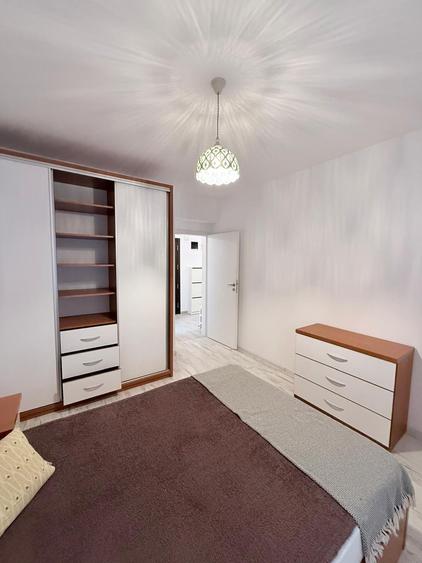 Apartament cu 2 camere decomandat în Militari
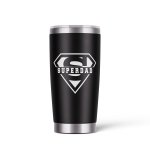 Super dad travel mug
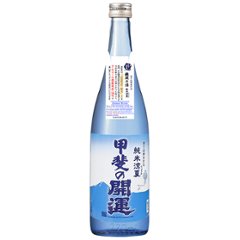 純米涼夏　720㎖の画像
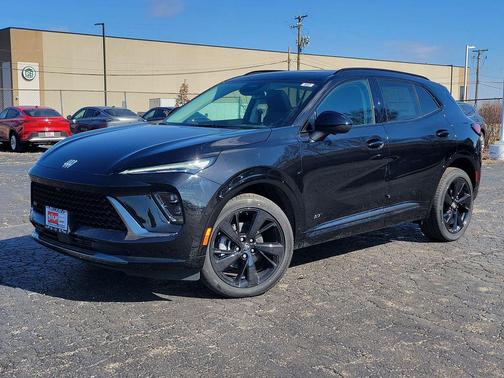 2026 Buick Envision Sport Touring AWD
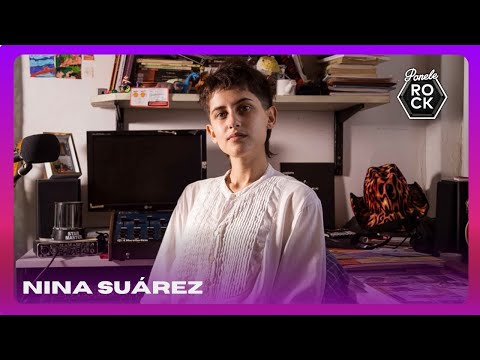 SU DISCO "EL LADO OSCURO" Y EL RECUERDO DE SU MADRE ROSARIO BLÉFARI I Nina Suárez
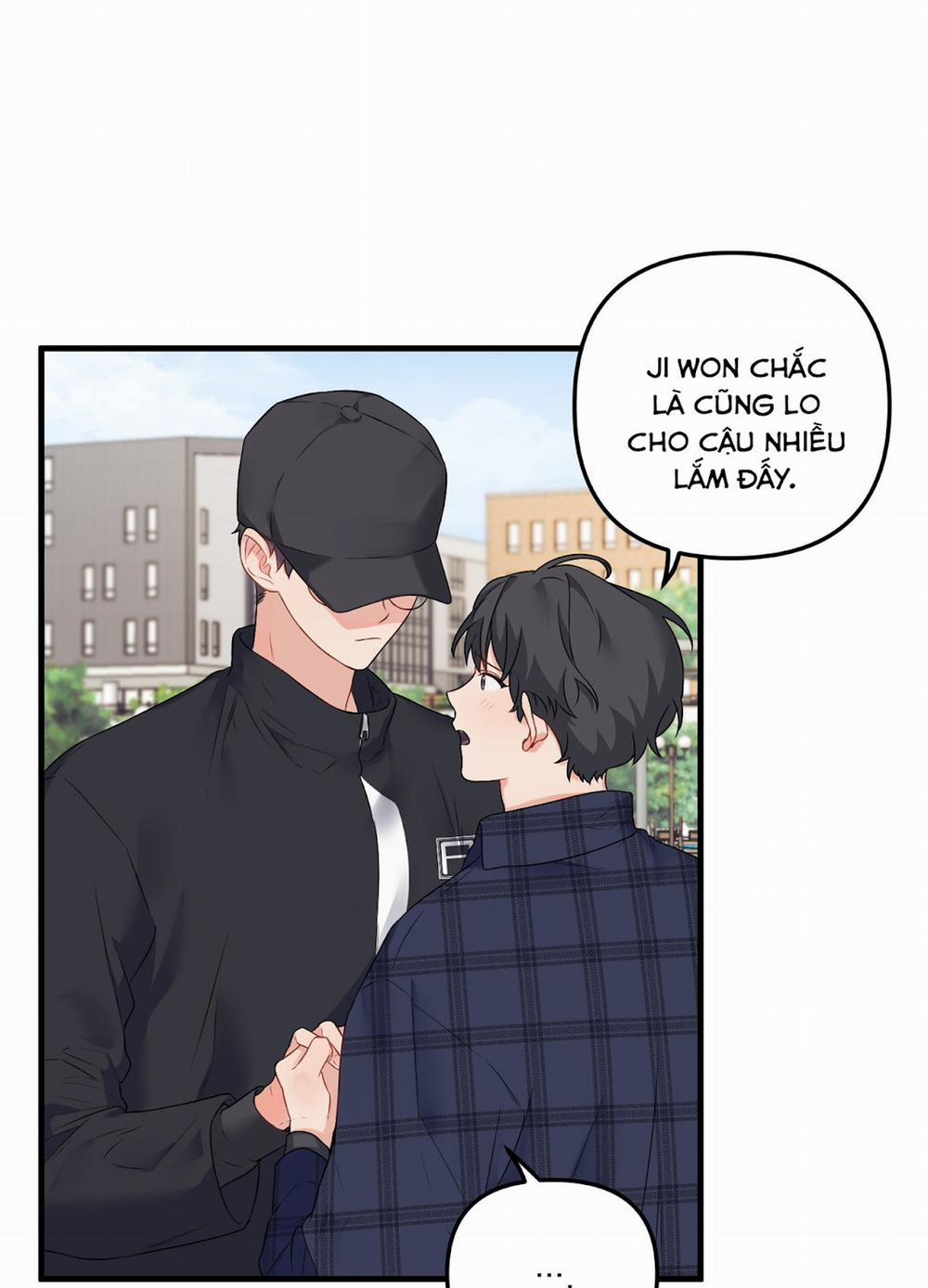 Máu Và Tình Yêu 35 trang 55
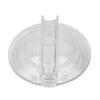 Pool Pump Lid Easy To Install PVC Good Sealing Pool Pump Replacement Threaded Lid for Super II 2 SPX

* * * * *

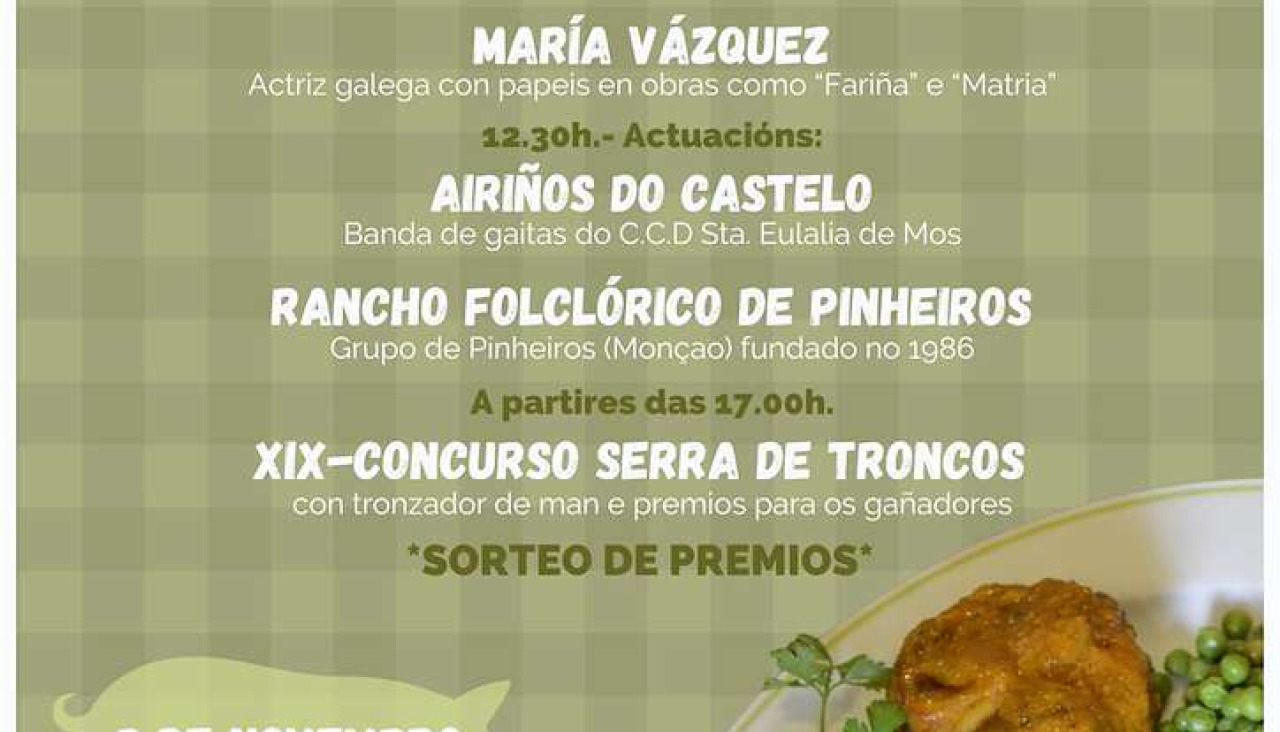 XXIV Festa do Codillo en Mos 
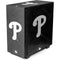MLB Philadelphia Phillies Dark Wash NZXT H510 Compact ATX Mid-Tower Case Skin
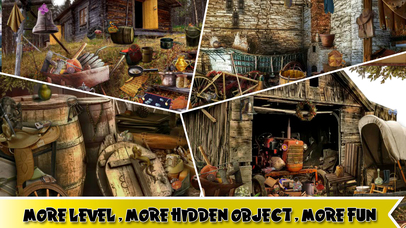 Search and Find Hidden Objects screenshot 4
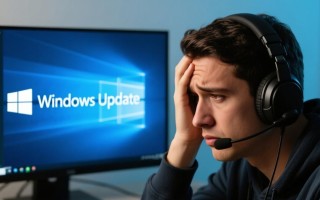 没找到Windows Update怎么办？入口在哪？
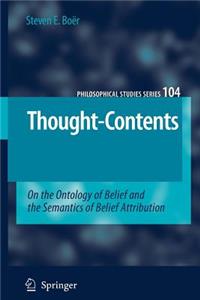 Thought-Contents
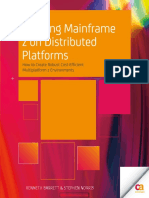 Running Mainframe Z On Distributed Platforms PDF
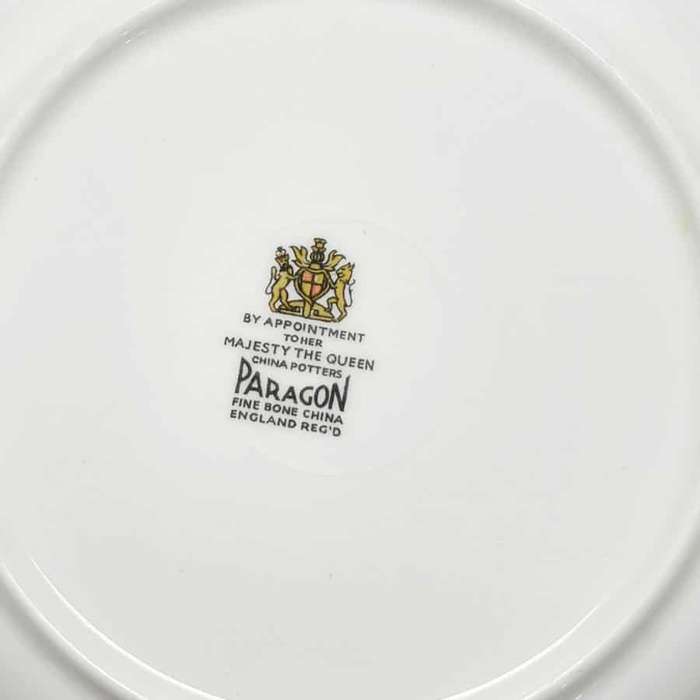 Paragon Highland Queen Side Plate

* * * * *

> **What to work on**: The material above holds pictures; leave them out and set down exactly the lines from the line with "2026 Buick Envision Sport Touring AWD" to the line with "Pool Pump Lid", both included.

> **Written response**:
 2026 Buick Envision Sport Touring AWD
 SU DISCO "EL LADO OSCURO" Y EL RECUERDO DE SU MADRE ROSARIO BLÉFARI I Nina Suárez
 Máu Và Tình Yêu 35 trang 55
 Pool Pump Lid Easy To Install PVC Good Sealing Pool Pump Replacement Threaded Lid for Super II 2 SPX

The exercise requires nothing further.